Zhao Yong-Fu, Zhai Wen-Long, Zhang Shui-Jun, Chen Xiao-Ping
Hepatic Surgery Center, Tongji Hospital, Tongji Medical College, Huazhong University of Science and Technology, Wuhan 430030, China.
Hepatobiliary Pancreat Dis Int. 2005 Nov;4(4):604-8.
The high mortality of patients with severe acute pancreatitis (SAP) is due to multiorgan dysfunction. The mechanisms of SAP are still obscure. The aim of this study was to investigate the role of nuclear factor-kappa B (NF-kappaB) activation in rats with SAP associated with liver injury and the protection effect of triptolide against liver injury in rats with SAP.

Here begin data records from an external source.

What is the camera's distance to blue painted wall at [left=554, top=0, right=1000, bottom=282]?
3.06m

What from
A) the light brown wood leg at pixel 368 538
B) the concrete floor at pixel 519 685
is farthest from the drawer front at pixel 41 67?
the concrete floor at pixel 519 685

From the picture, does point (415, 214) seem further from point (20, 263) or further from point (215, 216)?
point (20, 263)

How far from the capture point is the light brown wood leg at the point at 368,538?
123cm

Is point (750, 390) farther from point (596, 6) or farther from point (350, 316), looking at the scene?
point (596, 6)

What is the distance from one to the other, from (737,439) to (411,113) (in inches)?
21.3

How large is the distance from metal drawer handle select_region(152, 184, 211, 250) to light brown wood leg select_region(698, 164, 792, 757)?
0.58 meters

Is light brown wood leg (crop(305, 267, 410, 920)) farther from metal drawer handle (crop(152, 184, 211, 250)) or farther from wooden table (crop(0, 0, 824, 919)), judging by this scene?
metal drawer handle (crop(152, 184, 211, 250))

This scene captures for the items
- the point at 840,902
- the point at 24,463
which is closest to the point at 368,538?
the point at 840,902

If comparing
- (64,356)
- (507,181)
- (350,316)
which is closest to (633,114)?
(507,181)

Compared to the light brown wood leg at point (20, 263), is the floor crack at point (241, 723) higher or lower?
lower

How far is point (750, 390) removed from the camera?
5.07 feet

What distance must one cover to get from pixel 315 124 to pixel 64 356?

Ninety Wistar rats were randomly divided into three groups (n=30 each group): severe acute pancreatitis (group P), treatment with triptolide (group T), and sham operation (group S). SAP models were induced by retrograde injection of 5% sodium taurocholate to the pancreatic duct. After the model was successfully established, no treatment was given to group P. In group T, triptolide (0.05 mg/ml) was injected intraperitoneally (0.2 mg/kg). In group S, the abdominal walls of rats were opened, sutured, but not treated. The rats were sacrificed after operation at 2, 6, and 12 hours, respectively. The serum levels of amylase (AMY), alanine aminotransferase (ALT), tumor necrosis factor-alpha (TNF-alpha) and interleukin-6 (IL-6) were determined at three time points (10 rats for each time point). Liver tissues were obtained to detect the activity of NF-kappaB and to observe their pathological changes with light and electron microscopes.
The serum levels of AMY and ALT were higher in groups P and T than in group S. The serum AMY levels were significantly lower in group T than in group P at 12 hours after operation. The serum ALT levels were significantly lower in group T than in group P at 6, 12 hours after operation. At the three time points, the levels of TNF-alpha and IL-6 in groups P and T increased more significantly than in group S. In group T they were decreased more significantly than in group P at the three time points. In groups P and T, NF-kappaB activity in liver tissue increased more significantly than in group S at the three time points. The activity of NF-kappaB was higher in group P than in groups S and T at the three time points. Liver pathological damages were milder in group T than in group P under light and electron microscopes.
NF-kappaB plays an important role in the pathogenesis of liver injury in rats with SAP. Triptolide can reduce pathological damage to the liver. Its mechanism is to inhibit the activity of NF-kappaB and to decrease the release of inflammatory mediators.
重症急性胰腺炎(SAP)患者的高死亡率归因于多器官功能障碍。SAP的发病机制仍不清楚。本研究旨在探讨核因子-κB(NF-κB)激活在伴有肝损伤的SAP大鼠中的作用以及雷公藤甲素对SAP大鼠肝损伤的保护作用。
90只Wistar大鼠随机分为三组(每组n = 30):重症急性胰腺炎组(P组)、雷公藤甲素治疗组(T组)和假手术组(S组)。通过向胰管逆行注射5%牛磺胆酸钠诱导建立SAP模型。模型成功建立后,P组不给予任何处理。T组腹腔注射雷公藤甲素(0.05 mg/ml,0.2 mg/kg)。S组打开大鼠腹壁,缝合,但不进行处理。分别在术后2、6和12小时处死大鼠。在三个时间点测定血清淀粉酶(AMY)、丙氨酸氨基转移酶(ALT)、肿瘤坏死因子-α(TNF-α)和白细胞介素-6(IL-6)水平(每个时间点10只大鼠)。取肝脏组织检测NF-κB活性,并通过光镜和电镜观察其病理变化。
P组和T组血清AMY和ALT水平高于S组。术后12小时T组血清AMY水平显著低于P组。术后6、12小时T组血清ALT水平显著低于P组。在三个时间点,P组和T组TNF-α和IL-6水平升高比S组更显著。在三个时间点T组下降比P组更显著。在三个时间点,P组和T组肝组织中NF-κB活性升高比S组更显著。在三个时间点P组NF-κB活性高于S组和T组。光镜和电镜下T组肝脏病理损伤比P组轻。
NF-κB在SAP大鼠肝损伤发病机制中起重要作用。雷公藤甲素可减轻肝脏病理损伤。其机制是抑制NF-κB活性并减少炎症介质释放。